Nirmala knew no other way of getting there without his blessing. The cost was astronomical, and SriSham banned her from the company of anyone other than himself. This intelligent woman had seen no way of getting there without SriSham and so had gone along with his requests. She dared not speak to SriSham about the other women who had been to Mount Kailash without having performed any penances. She had seen many a picture of matrons in Kailash and heard their stories about their Kailash sojourns firsthand; she knew very well it involved no fasting or penance.
SriSham had expected her to last until Kathmandu and had planned mentally on an open cremation at the Pashupathinath Temple as was common and customary. But he was surprised that she was only drifting in and out until they had reached Nepalgunj and later Simikot. She was very alive and strong at heart but feeling lonely and looking pained.

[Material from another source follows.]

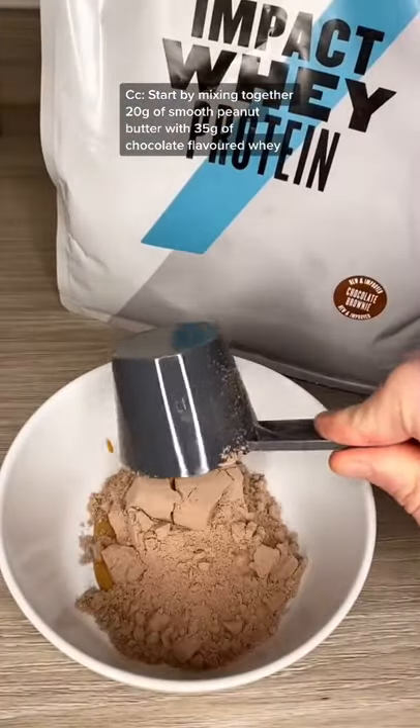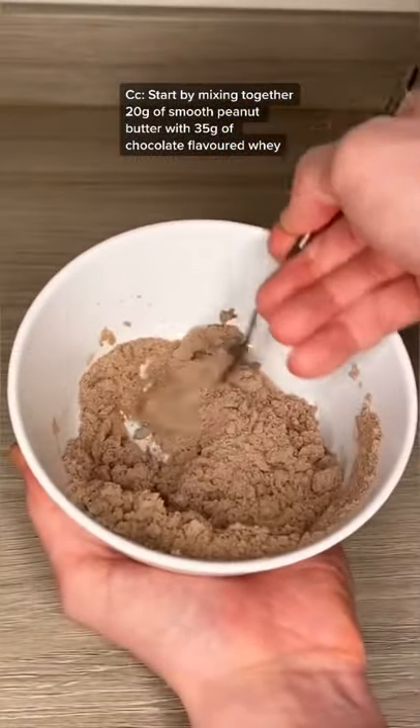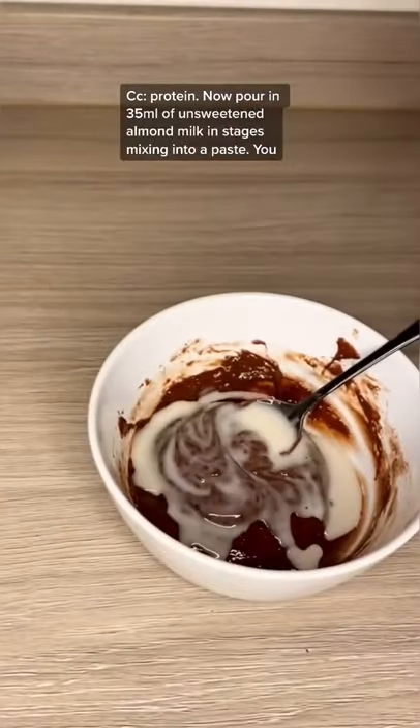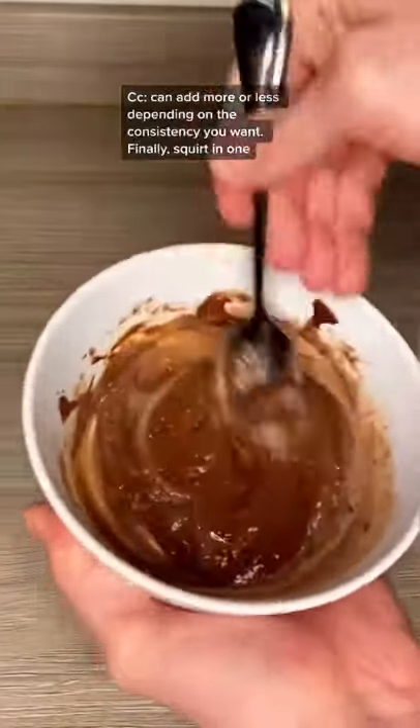Start by mixing together 20 grams of smooth peanut butter with 35 grams of chocolate flavoured whey protein. Now pour in 35 ml of unsweetened almond milk in stages, mixing into a paste. You can have more or less depending on the consistency you want.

“I want to die in Kailash because I don’t want to be born again,” she kept muttering as they boarded the helicopter from Simikot.
By the time they reached Lake Manasarover, all she had left was a heart that was beating slowly. “Oh, it’s the height and the oxygen supply,” SriSham said nonchalantly.
As they reached the great Lake Manasarovar, Nirmala was excited; he had her drink directly from the lake since as he told her it was the lake that the holiest of spirits drank from every day. As he expected, Nirmala developed diarrhea and incessant vomiting.